Diciamo piuttosto che siamo di fronte alla necessità di ripensare lo stesso ruolo del parlamentare, per il quale la libertà nel voto può essere un modo per arricchire la discussione pubblica. Si tocca così il nodo aggrovigliato del voto segreto, sempre più presentato come un ostacolo alla trasparenza e alla moralità del parlamentare. Ricordiamo, però, che il parlamento italiano è diventato, e rischia di rimanere, un parlamento di nominati da una élite ristretta, sempre più incline a premiare la fedeltà e a restringere ogni possibilità di dissenso. So bene che uno spazio sottratto all’occhio dell’opinione pubblica è assai più luogo di imboscate e di manovre inconfessabili che opportunità per l’agire libero. Ma possiamo risolvere un problema reale negando che esista?
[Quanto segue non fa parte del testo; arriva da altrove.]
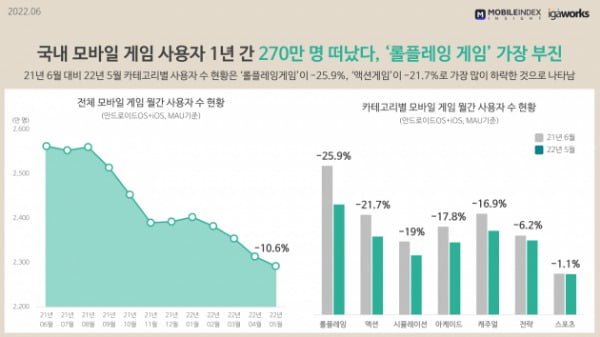 모바일인덱스 제공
Vero è che gli impegni assunti dai partiti nei confronti dei cittadini che li hanno votati esigono poi comportamenti collettivi in grado di rispettarli, sì che non tutto può essere rimesso alla variabile opinione del singolo parlamentare. È comprensibile, quindi, che vi sia una valutazione politica dei casi in cui le ragioni della coscienza individuale possono prevalere sull’omogeneità dei comportamenti di gruppo. Ma quando le decisioni parlamentari diventano norme che incidono direttamente sull’autonomia delle persone nel governare la loro vita, la questione della libertà di coscienza deve essere considerata anche, o soprattutto, da un diverso punto di vista.
Qui la libertà da tutelare è, in primo luogo, quella della persona che deve compiere le scelte di vita. Il problema, allora, non riguarda la libertà di coscienza di chi stabilisce le regole: investe la legittimità stessa dell’intervento legislativo in forme tali da cancellare, o condizionare in maniera determinante, quelle scelte. Altrimenti si determina una asimmetria pericolosa: la libertà di scelta dei legislatori può divenire massima, quella dei destinatari della norma minima.
Il diritto deve abbandonare la pretesa autoritaria di impadronirsi della vita delle persone, di espropriarle del diritto fondamentale all’autodeterminazione. La politica, prima di preoccuparsi del dosaggio della quantità di libertà di coscienza somministrabile ai parlamentari, dovrebbe seriamente chiedersi se una materia affrontata rientri pienamente nella sua competenza o se questa spetti in primo luogo ai diretti interessati. E, in questo caso, fermarsi, senza doversi poi porre aggrovigliati e impropri problemi di libertà di coscienza. La discussione sulle unioni civili si sarebbe giovata assai di questa consapevolezza.
Questa linea non è volta a confinare ciascuno nella sua sfera privata, ma pone in modo corretto il rapporto tra sfera privata e sfera pubblica che, per essere riconosciuta, non deve affidarsi alla propria invadenza. Al contrario, la sua legittimità deriva in primo luogo dal rispetto per la competenza delle persone. Martha Nussbaum, concludendo la sua appassionata analisi della libertà di coscienza americana, ci ricorda che «l’eguale libertà di coscienza è difficile da creare, e ancor più difficile da realizzare ». Punto cardine del modo laico d’intendere il rapporto del cittadino con l’intero sistema istituzionale.